Pałac Sułtana z wody...
Za dwugodzinną przejażdżkę łodzią motorową zapłaciliśmy 40BND, bo dom naszego przewodnika zaiste potrzebuje remontu. Dawniej płacił on 185BND miesięcznie czynszu, obecnie opłat za mieszkanie już nie płaci, jedynie "prąd i woda".
Wnętrze jednego z mieszkań na wodzie...
Apartamentowce...

Po opuszczeniu łodzi przespacerowaliśmy się wybrzeżem do meczetu Sultan Omar Ali Saifuddin, jednak z uwagi na piątkowe nabożeństwo, jako niewiernym, zabroniono nam wejścia.
Udało mi się przez nieuwagę ochrony sfotografować wnętrze meczetu Omara...

Ponieważ zapadał zmierzch, do odlotu zostało nam 2.5h postanowiliśmy znaleźć jakiś transport na lotnisko. Nie było to łatwe, jednak po raz kolejny mieliśmy sporo szczęścia bo pod centrum handlowym zauważyliśmy taksówkarza, którego samochód widzieliśmy pod meczetem.

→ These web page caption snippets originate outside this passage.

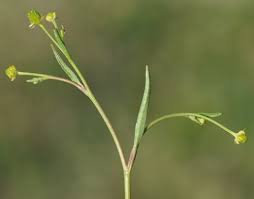 Attēlu rezultāti vaicājumam “Ranunculus elatior leaf”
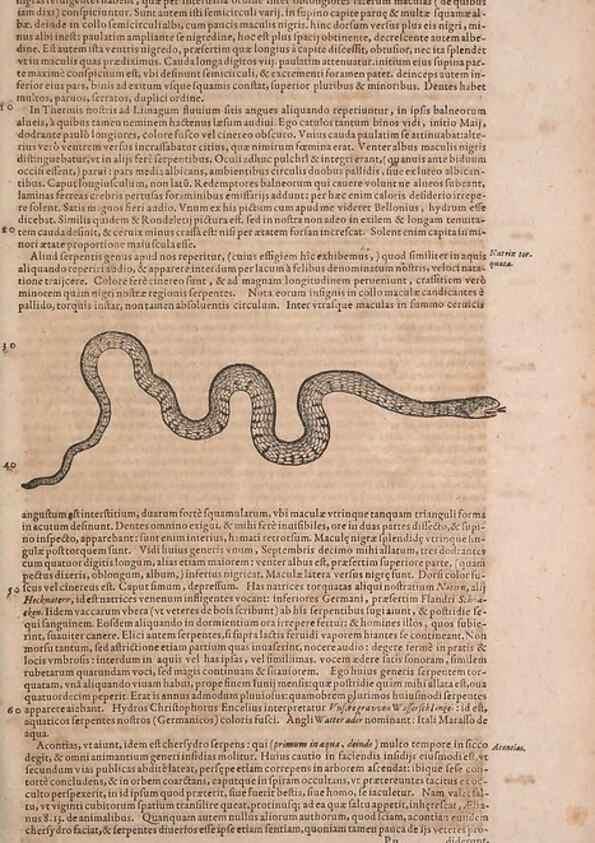 Reproducción/Reproduction 15382319599: Conradi Gesneri medici Tigurini Historiae animalium liber IV :. Francofurti :In Bibliopolio Andreae Cambieri,anno MDCIIII [1604]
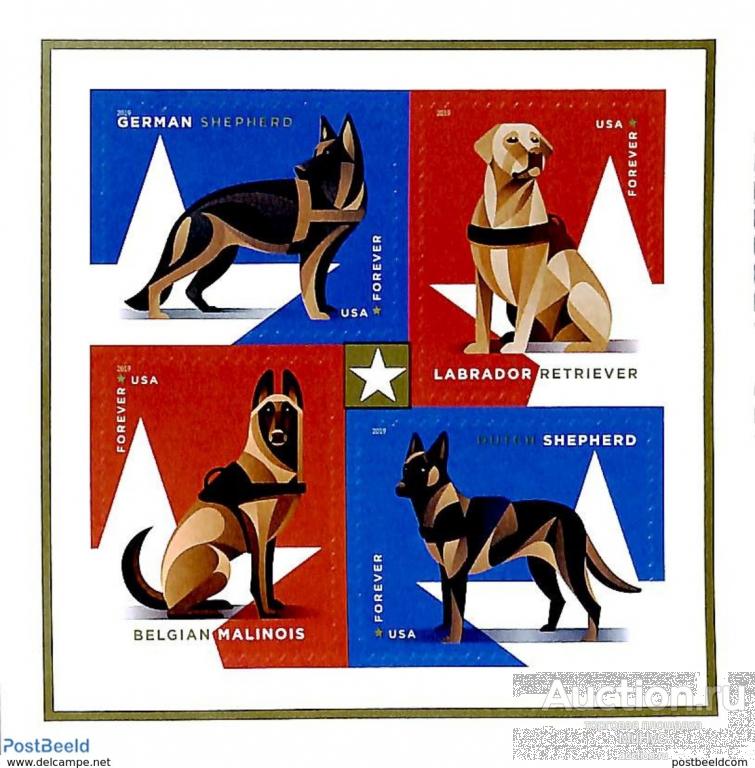 США  2019 Собаки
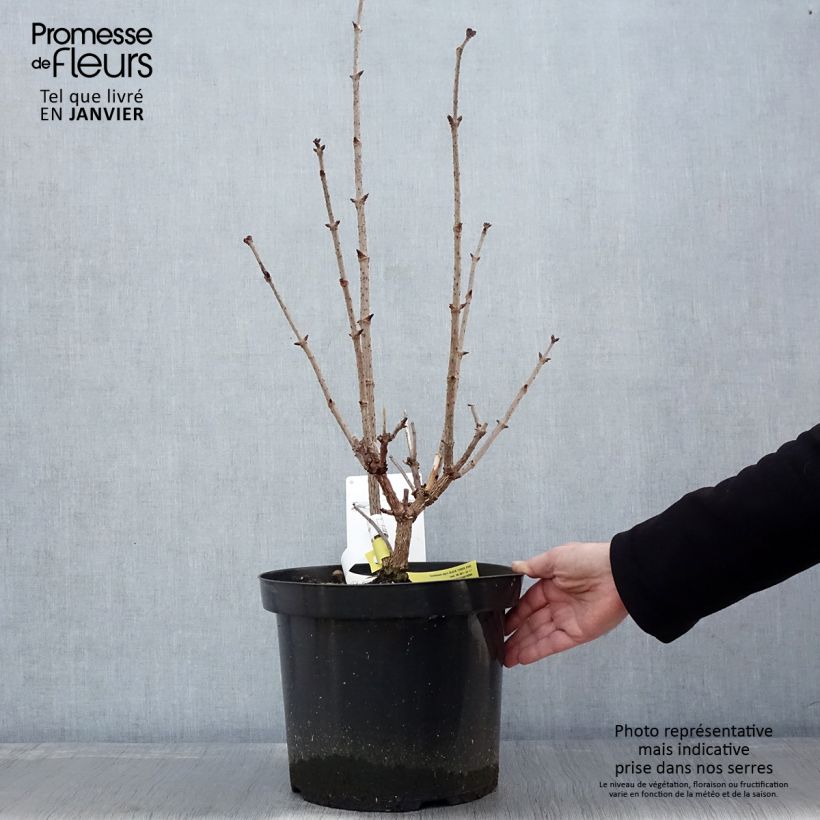 Exemplar von Schwarzer Holunder Black Tower - Sambucus nigra Topf mit 7,5L/10L wie im Winter geliefert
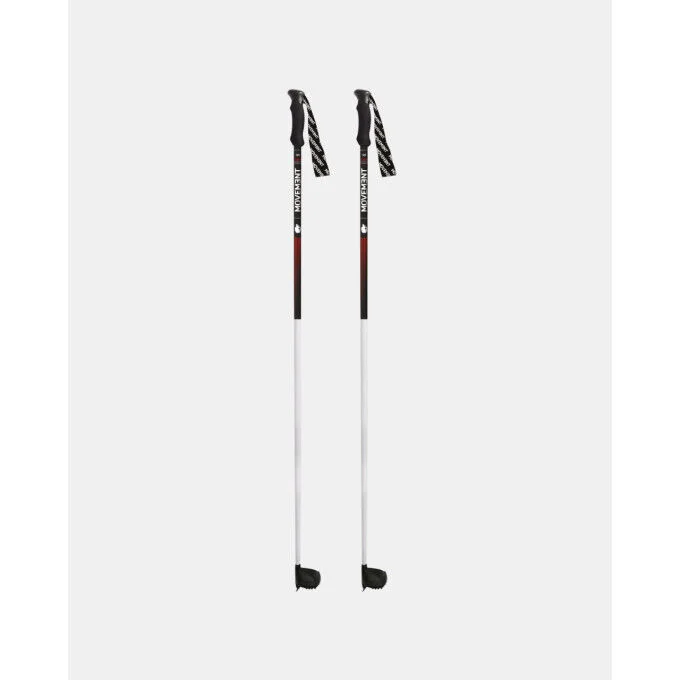 Batons de ski alpin RACE PRO CARBON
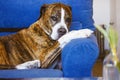 German boxer dog lying on couch Big breed of short-haired clever canine pet Royalty Free Stock Photo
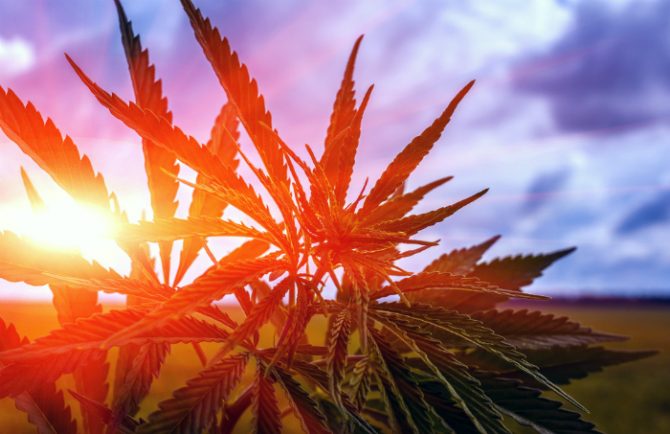 marijuana IBD crohn's inflammation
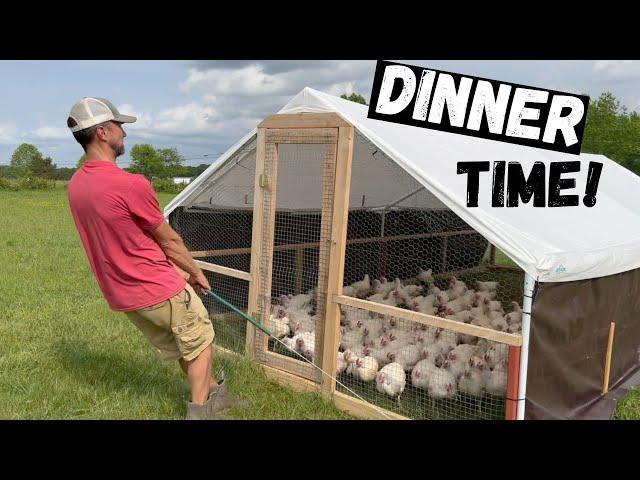 Feeding Over 400 Cornish Cross Chickens!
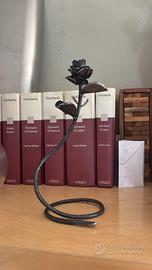 Rosa Saldata (leggere bene descrizione)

Taksówkarz, co prawda wracał do domu, ale postanowił, że podrzuci nas na lotnisko. W trakcie rozmowy wyjaśniło nam się wiele odnośnie potencjału turystycznego Brunei, kraju 400.000 mieszkańców - w całym kraju jeździ 45 (!!) taksówek, bo każdy ma samochód. Ludzie nie imprezują, nie piją alkoholu, więc taksówki są im niepotrzebne. Autobusy wożą tylko tanich pracowników z Filipin i Papui Nowej Gwinei - w godzinach pracy, czyli 7:00 - 18:00. Zatem o 19:00 dojazd na lotnisko graniczy z cudem, gdybyśmy nie zatrzymali tego taksówkarza, prawdopodobnie musielibyśmy iść piechotą. Taksówkarz miał trochę czasu i chęci, postanowił nam pokazać jeszcze Meczet Jame'Asr Hassanil Bolkiah nocą, który oświetlony wygląda imponująco.
"Brama" przypominająca o urodzinach Jego Wysokości....
Na lotnisku czekało nas niemiłe zaskoczenie - lot Royal Brunei z Szanghaju ma opóźnienie, w związku z tym do Kota Kinabalu odlecimy półtorej godziny później. Dodatkowo sprawa się skomplikowała przy check-in, dowiedzieliśmy się, że nie otrzymamy kart pokładowych, jeśli nie przedstawimy planu opuszczenia Borneo. Całość dokumentów podróży, została w hotelu i dopiero sprawdzając pocztę komórką udało się przekonać panie z obsługi odnośnie naszych dalszych planów podróży. W Kota Kinabalu wylądowaliśmy o północy, kolejne skanowanie odcisków palców i siatkówki oka, mnóstwo problemów z zapłaceniem 18MYR za parking (najmniejszy posiadany banknot to 50MYR, automat takiego nie przyjmuje, wszystko pozamykane a bankomaty lotniskowe - z 6 tylko 2 czynne wydawały najmniej oczywiście 50MYR). Po nocnym przejeździe przez Kota Kinabalu, około 1:00 w nocy natychmiast położyliśmy się spać.